This tribute to the engineers, however, would not be deserved if there is to be found any evidence of deception on their part in the origin of the work, or any complicity with fraud in its execution and completion. It is this consideration which induced me to accept the unexpected invitation of the trustees to speak for the city of New York on the present occasion. When they thus honored me, they did not know that John A. Roebling addressed to me the letter in which he first suggested (and, as far as I am aware, he was the first engineer to suggest) the feasibility of a bridge between the two cities, so constructed as to preserve unimpaired the freedom of navigation. This letter, dated June 19, 1857, I caused to be printed in the "Journal of Commerce," where it attracted great attention because it came from an engineer who had already demonstrated, by successfully building suspension bridges over the Schuylkill, the Ohio, and the Niagara Rivers, that he spoke with the voice of experience and authority. This letter was the first step toward the construction of the work, which, however, came about in a manner different from his expectations, and was finally completed on a plan more extensive than he had ventured to describe. It has been charged that the original estimates of cost have been far exceeded by the actual outlay. If this were true, the words of praise which I have uttered for the engineers who designed and executed this work ought rather to have been a sentence of censure and condemnation. Hence the invitation, which came to me unsought, seemed rather to be an appeal from the grave for such vindication as it was within my power to make, and which could not come with equal force from any other quarter.

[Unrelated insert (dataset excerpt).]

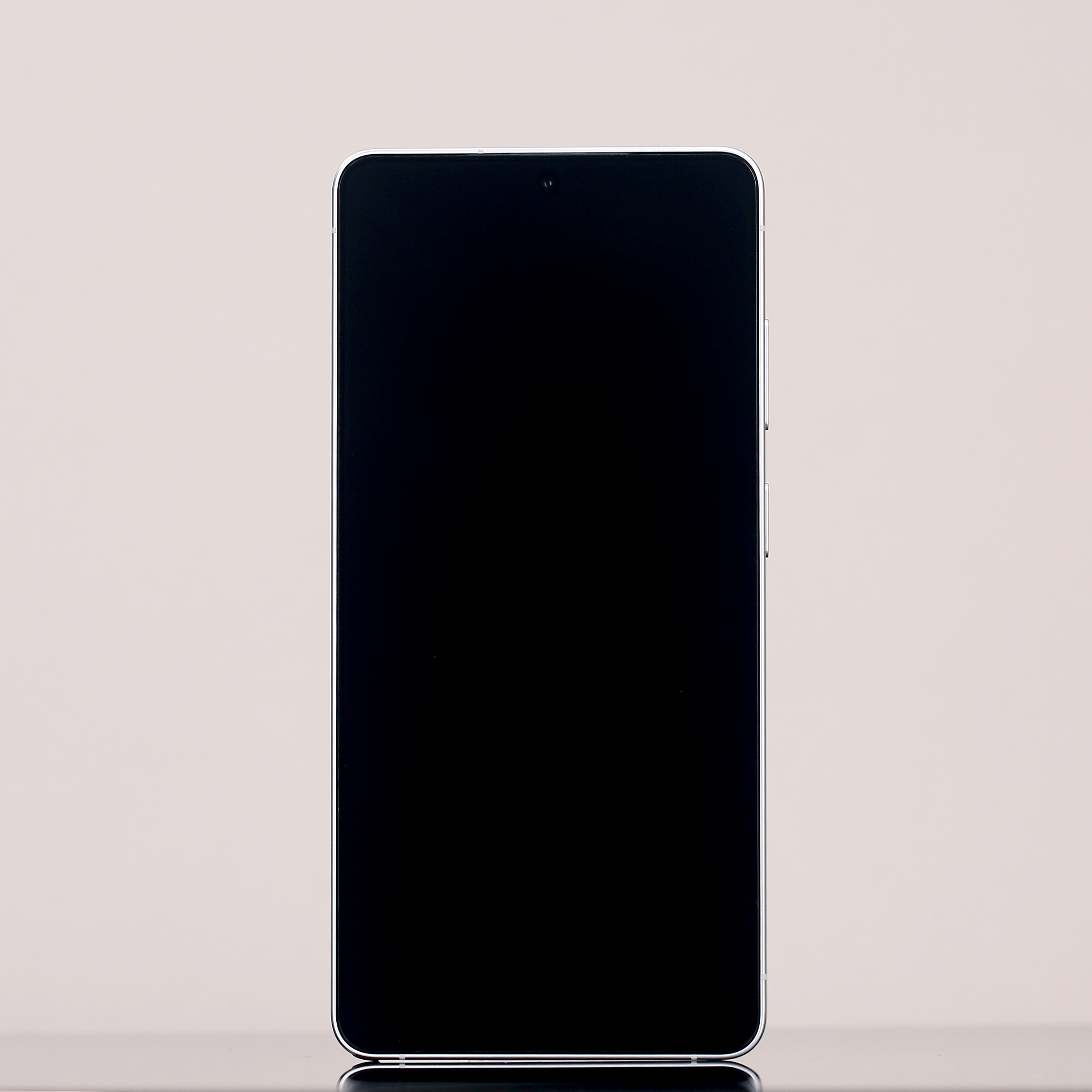 S26Ultra 的防摔壳也准备就绪了，明天跟PET AR 膜一起上架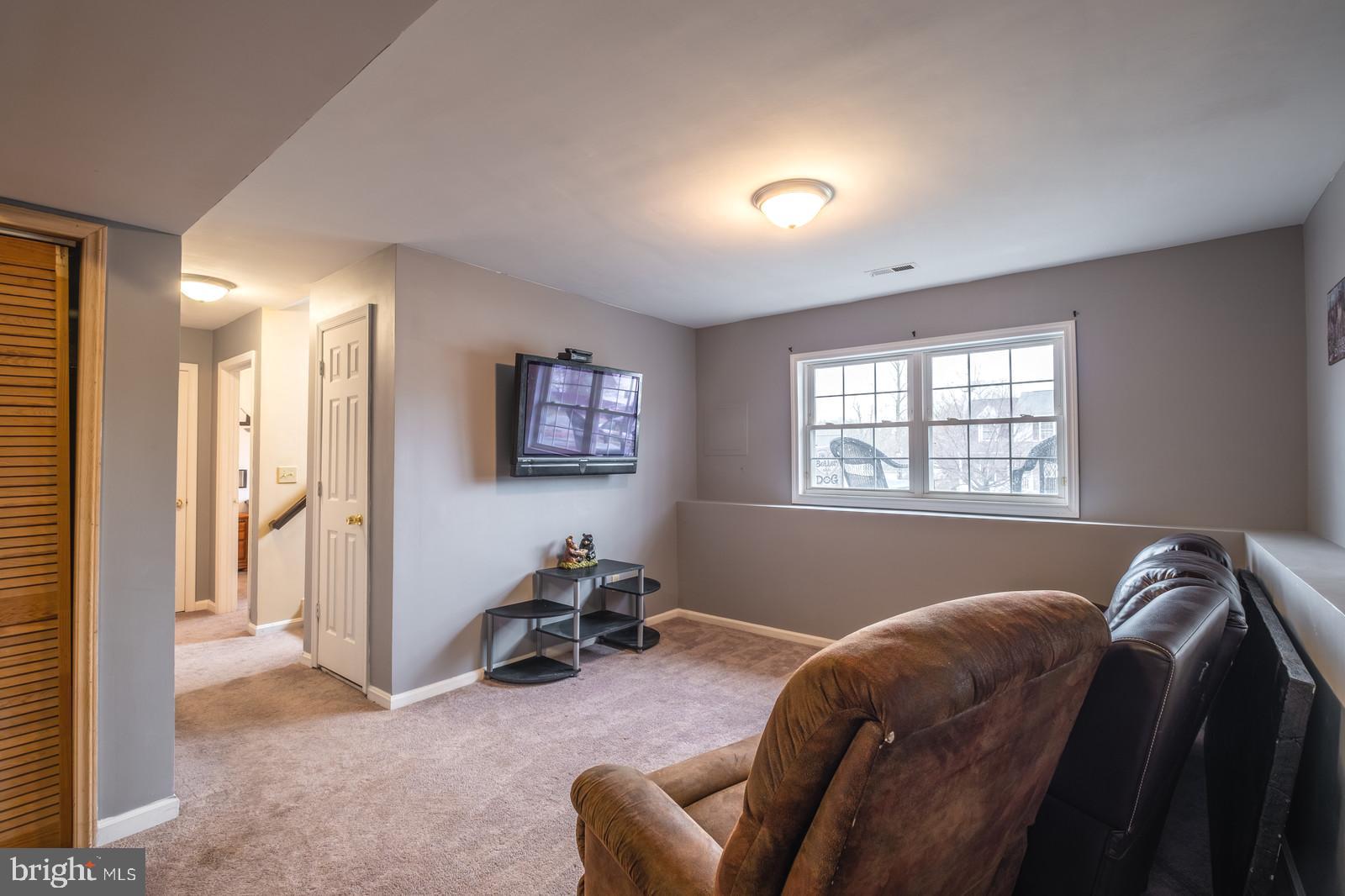 FALCON RIDGE - Residential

Engineers are of two kinds—the creative and the constructive. The power to conceive great works demands imagination and faith. The creative engineer, like the poet, is born, not made. If to the power to conceive is added the ability to execute, then have we one of those rare geniuses who not only benefit the world but add new glory to humanity. Such men were Michael Angelo, Leonardo da Vinci, Watt, Wedgwood, Brunei, and Stephenson; and such a man was John A. Roebling. It was his striking peculiarity that, while his conceptions were bold and original, his execution was always exact and within the limits of cost which he assigned to the work of his brain. He had made bridges a study, and had declared in favor of the suspension principle for heavy traffic, when the greatest living authorities had condemned it as costly and unsafe. When he undertook to build a suspension-bridge for railway use, he did so in the face of the deliberate judgment of the profession, that success would be impossible. George Stephenson had condemned the suspension principle and approved the tubular girder for railway traffic. But it was the Nemesis of Stephenson's fate that, when he came out to approve the location of the great tubular bridge at Montreal, he should pass over the Niagara River in a railway-train, on a suspension-bridge, which he had declared to be an impracticable undertaking.
When Roebling suggested the bridge over the East River, his ideas were limited to the demands of the time, and controlled by the necessity for a profitable investment. He had no expectation that the two cities would embark in the enterprise. Indeed, in one of bis letters so late as April 14, 1860, he says, "As to the corporations of New York and Brooklyn undertaking the job, no such hope may be entertained in our time." In eight years thereafter, these cities had undertaken the task upon a scale of expense far exceeding his original ideas of a structure to be built exclusively by private capital for the sake of profit.
How came this miracle to pass? The war of the rebellion occurred, delaying for a time the further consideration of Roebling's ideas. This war accustomed the nation to expenditures on a scale of which it had no previous conception. It did more than expend large sums of money. Officials became corrupt, and organized themselves for plunder. In the city of New York especially, the government fell into the hands of a band of thieves, who engaged in a series of great and beneficial public works, not for the good they might do, but for the opportunity which they would afford to rob the public treasury. They erected court-houses and armories; they opened roads, boulevards, and parks; and they organized two of the grandest devices for transportation which the genius of man has ever conceived: a rapid transit railway for New York,' and a great highway between New York and Brooklyn. The bridge was commenced, but the ring was driven into exile by the force of public indignation, before the rapid-transit scheme, since executed on a different route by private capital, was undertaken. The collapse of the ring brought the work on the bridge to a stand-still.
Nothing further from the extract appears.